### DATA TO USE
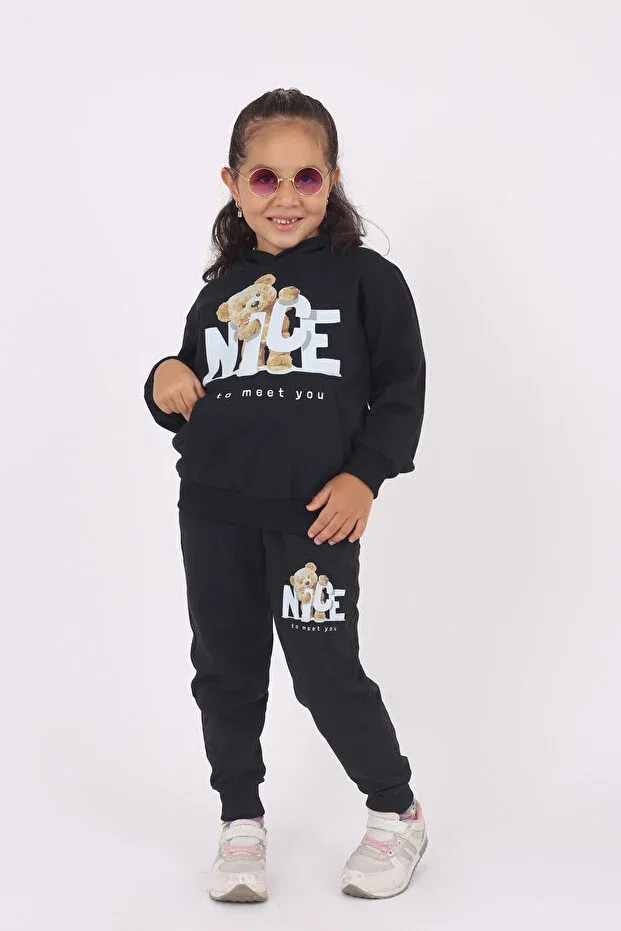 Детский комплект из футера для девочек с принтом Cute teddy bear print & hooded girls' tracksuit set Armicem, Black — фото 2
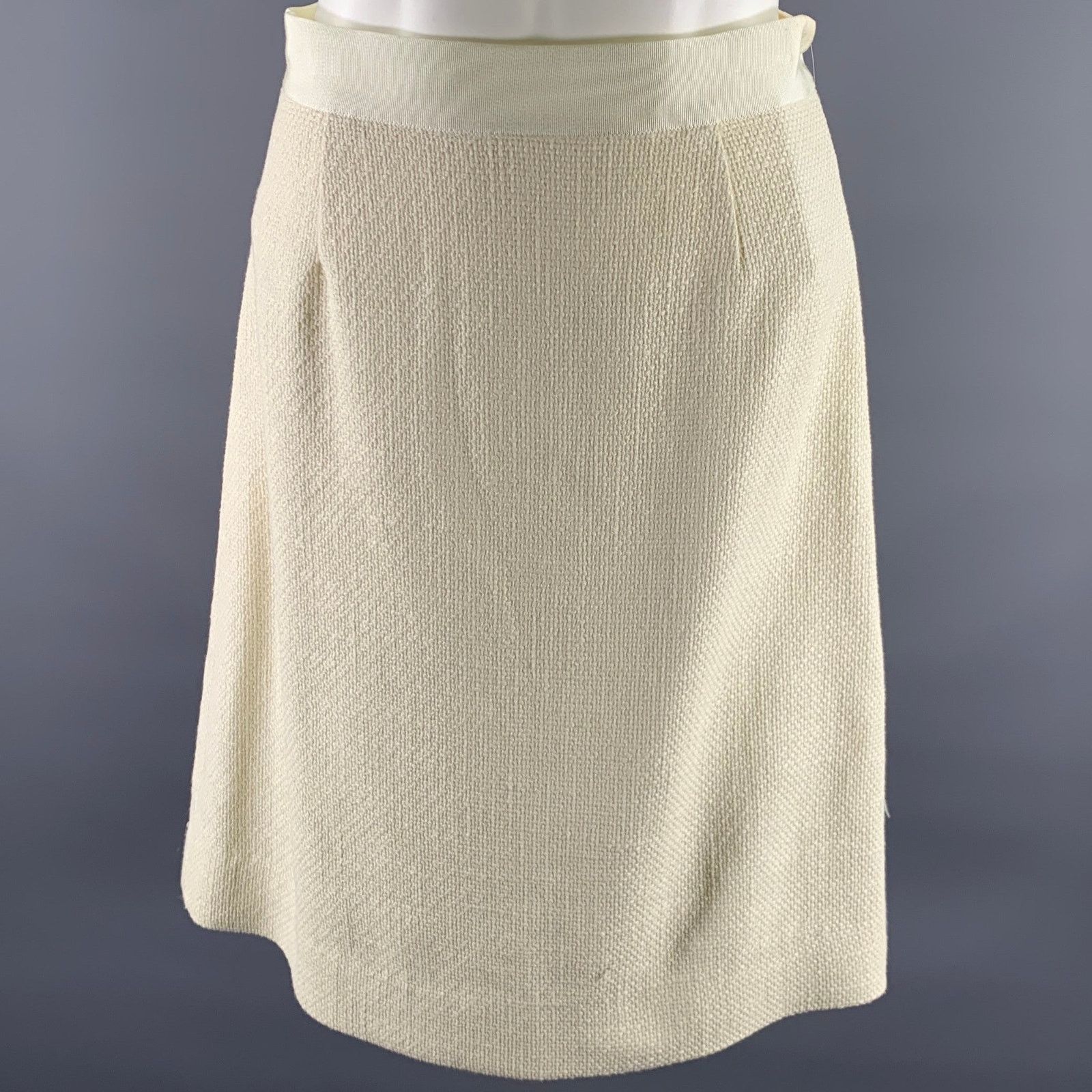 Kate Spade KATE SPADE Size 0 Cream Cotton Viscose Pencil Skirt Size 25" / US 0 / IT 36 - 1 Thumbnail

---

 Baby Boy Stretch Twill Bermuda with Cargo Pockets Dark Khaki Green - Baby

### AIM OF THE EXERCISE
The material above holds pictures; leave them out. Repeat exactly the lines from the one containing "Детский комплект из" through the one containing "Kate Spade KATE", and nothing else.

### ANSWER SPACE
 Детский комплект из футера для девочек с принтом Cute teddy bear print & hooded girls' tracksuit set Armicem, Black — фото 2
 Kate Spade KATE SPADE Size 0 Cream Cotton Viscose Pencil Skirt Size 25" / US 0 / IT 36 - 1 Thumbnail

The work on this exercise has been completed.